Software Transactional Memory (STM) has emerged as a powerful programming paradigm for concurrent applications. It allows encapsulating the access to data shared across concurrent threads within transactions, thus avoiding the need for synchronization mechanisms to be explicitly coded by the programmer. On the other hand, synchronization transparency must not come the expense of performance. Hence, STM-based systems must be enriched with mechanisms providing optimized run-time efficiency. Among the issues to be tackled, a core one is related to determining the optimal level of concurrency (number of threads) to be employed for running the application on top of the STM layer. For too low levels of concurrency, parallelism can be hampered. On the other hand, overdimensioning the concurrency level may give rise to thrashing phenomena caused by excessive data contention and consequent transaction aborts.
In this thesis we propose a set of techniques in order to build “application specific” performance models allowing to dynamically tune the level of concurrency to the best suited value depending of the specific execution phase of the application. We will present three different approaches: a) one based on a pure Machine Learning (ML) model that doesn’t require a detailed knowledge of the application internals to predict the optimal concurrency level, b) one based on a parametric analytical performance model customized for a specific application/platform through regression analysis that, respect to the previous one, requires a lighter training phase and c) one based on a combination of analytical and Machine Learning techniques, that allows to combine the strengths of the previous
two approaches, that is it has the advantage of reducing the training time of pure machine learning methods avoiding the approximation errors typically affecting pure analytical approaches.
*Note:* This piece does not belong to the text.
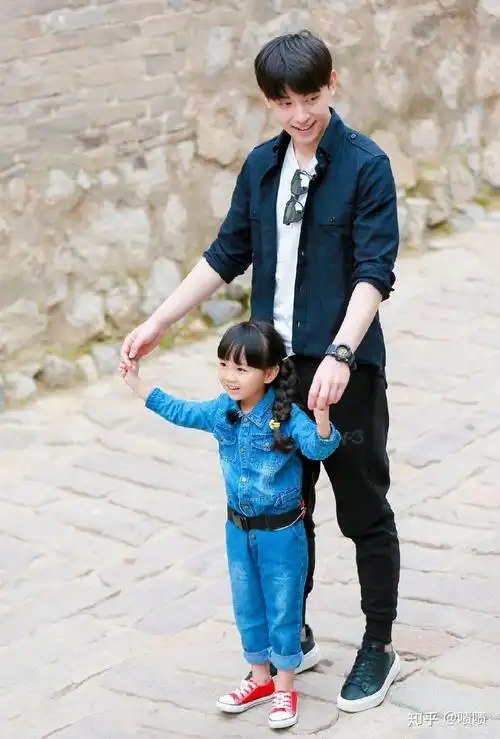 邓伦以后有一个女儿的样子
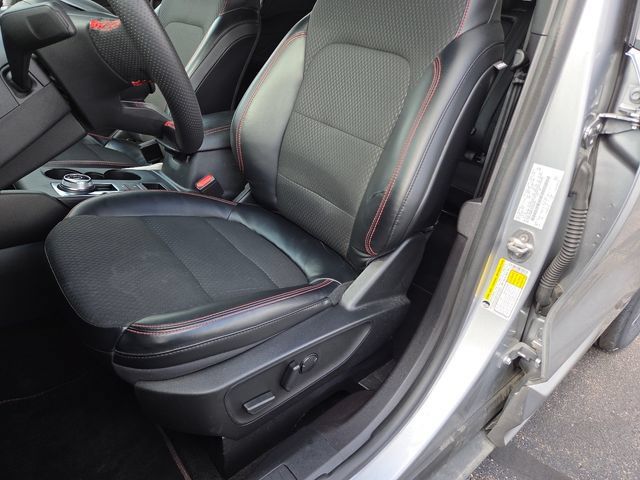 Used 2023 Ford Escape ST-Line w/ Tech Pack #1 FWD image 23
Hence it allows very fast construction of highly reliable performance models, which can be promptly and effectively exploited for optimizing actual application runs.
We also present real implementations of concurrency regulation architectures, based on our performance predictions approaches, which have been integrated within the open source TinySTM package, together with experimental data related to runs of application profiles taken from the STAMP benchmark suite demonstrating the effectiveness of our proposals. The experimental data confirm how our self-adjusting concurrency schemes constantly provides optimal performance, thus avoiding performance loss phases caused by non-suited selection of the amount of concurrent threads and associated with the above depicted phenomena.
Moreover we present a mechanism that allows to dynamically shrinks or enlarges the set of input features to be exploited by the performance predictors. This allows for tuning the concurrency level while also minimizing the overhead for input-features sampling, given that the cardinality of the input-feature set is always tuned to the minimum value that still guarantees reliability of workload characterization. We also present a fully fledged implementation of this solution again within the TinySTM open source framework, and we provide the results of an experimental study relying on the STAMP benchmark suite, which show significant reduction of the application execution time with respect to proposals based on static feature selection.